Tue May 20 23:12:41 BST 2008

-----BEGIN PGP SIGNED MESSAGE-----
Hash: SHA1

Ian Clatworthy wrote:
| John Arbash Meinel wrote:
|
|> For a performance comparison...
|>
|> If I run a graph search on the last 100 merge nodes in bzr.dev, it takes an
|> average of 320ms to find the unique nodes. With this code, it takes an
|> average
|> of 115ms. So it is approx 2x as fast.
|
| Really well done on these improvements! I'm rather keen to see this
| land so I've spent much of this afternoon/evening reviewing it. I can't
| see anything wrong code wise but I'm not comfortable approving it yet.
|
| I think it needs 2 changes made:
|
| 1. find_unique_ancestors() is simply too long - it covers 4+ pages
|    when printed - making it unmaintainable by people like me with
|    smaller brains. I'm aware of the performance emphasis here but
|    still feel it could be broken up into a master method that calls
|    two or three helper methods. Those helper methods can contain the
|    loops, rather than being called inside the loops, so performance
|    shouldn't be impacted by a noticeable amount.

Heavy algorithmic code is always going to be a pain to maintain. I'll see what I
can do. But it took me a week of probing at it to really get up to speed. I
wouldn't say you have a small brain, just it takes a while to understand the
graph searching logic, and the implications of race conditions, etc.

I certainly don't fully understand it, and mostly go off of what seems right,
and then check its performance against real world data. (For example, it may
seem like you want to move the front edge fast, so that it can converge, but in
reality it often diverges because of all shortcuts.)
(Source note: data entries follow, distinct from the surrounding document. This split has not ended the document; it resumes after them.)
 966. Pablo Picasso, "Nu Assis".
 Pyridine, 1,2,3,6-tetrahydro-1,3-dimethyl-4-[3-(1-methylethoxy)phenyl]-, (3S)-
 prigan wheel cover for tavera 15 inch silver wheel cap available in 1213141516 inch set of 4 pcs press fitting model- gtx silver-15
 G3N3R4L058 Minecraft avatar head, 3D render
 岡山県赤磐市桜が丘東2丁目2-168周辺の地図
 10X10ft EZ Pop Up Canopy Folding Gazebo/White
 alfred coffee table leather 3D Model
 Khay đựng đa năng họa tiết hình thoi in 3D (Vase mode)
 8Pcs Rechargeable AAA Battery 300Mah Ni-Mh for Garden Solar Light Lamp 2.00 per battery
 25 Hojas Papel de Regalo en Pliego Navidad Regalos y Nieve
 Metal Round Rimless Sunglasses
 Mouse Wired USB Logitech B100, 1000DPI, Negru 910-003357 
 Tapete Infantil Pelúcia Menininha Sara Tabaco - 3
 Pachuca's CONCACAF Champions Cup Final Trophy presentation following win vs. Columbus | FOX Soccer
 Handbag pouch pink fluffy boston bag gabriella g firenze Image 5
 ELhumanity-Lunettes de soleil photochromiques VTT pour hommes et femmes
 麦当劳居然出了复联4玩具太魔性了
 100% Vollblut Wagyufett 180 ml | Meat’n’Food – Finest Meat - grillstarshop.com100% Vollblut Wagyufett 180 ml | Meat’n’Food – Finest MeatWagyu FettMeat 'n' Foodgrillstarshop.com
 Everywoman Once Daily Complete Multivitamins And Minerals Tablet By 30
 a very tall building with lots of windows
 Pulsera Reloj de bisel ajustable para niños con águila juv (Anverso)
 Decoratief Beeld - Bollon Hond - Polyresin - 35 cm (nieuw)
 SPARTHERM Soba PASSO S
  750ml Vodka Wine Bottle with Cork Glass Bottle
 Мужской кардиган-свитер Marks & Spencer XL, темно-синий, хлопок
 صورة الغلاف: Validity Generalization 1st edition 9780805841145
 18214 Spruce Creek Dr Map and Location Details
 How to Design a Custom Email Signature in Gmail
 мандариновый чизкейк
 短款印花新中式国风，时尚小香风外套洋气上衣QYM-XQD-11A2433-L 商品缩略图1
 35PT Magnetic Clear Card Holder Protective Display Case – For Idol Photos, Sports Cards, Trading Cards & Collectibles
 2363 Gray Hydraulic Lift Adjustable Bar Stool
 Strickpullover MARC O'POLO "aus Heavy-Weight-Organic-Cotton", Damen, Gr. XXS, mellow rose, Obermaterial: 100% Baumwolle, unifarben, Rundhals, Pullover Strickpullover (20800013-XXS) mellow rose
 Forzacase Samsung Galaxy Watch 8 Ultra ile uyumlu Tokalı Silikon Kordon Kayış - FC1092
I think the reason I didn't break it up more is that there is a decent amount of
state that needs to be transfered between the different sections, which leads to
a lot of parameters, and long function calls. But I'll give it a shot, I might
really like what I end up with.

|
| 2. The algorithm outlined in the opening large comment needs updating
|    to cover the information contained in your email.
|
| As a minor note, several of the _mutter calls probably ought to be
| using %d instead of %s. It's pretty minor compared to the issues above
| though.

I %s works just fine for any time, int, float, Class, etc. I specifically chose
%s because it is less likely to break. (If you pass a class to %d you get an
exception, floats are ok.)

|
| bb:resubmit.
|
| I realise that this patch doesn't necessarily make things that much
| less readable than the existing code. FWIW, I was happy to approve the
| earlier patch because I knew you had a follow-on one coming.
| Let's hope we don't need to come back to this method again for a while
| now - let's leave it both faster and easier to read please.
|
| Ian C.
|

John
=:->
-----BEGIN PGP SIGNATURE-----
Version: GnuPG v1.4.9 (Cygwin)
Comment: Using GnuPG with Mozilla - http://enigmail.mozdev.org

iEYEARECAAYFAkgzTNkACgkQJdeBCYSNAAMbUACfcfjN8+Iix0NgxdleKngDESmI
9PwAn2qx1Jyvi2Uka3krKijpSBuAMISH
=9r5e
-----END PGP SIGNATURE-----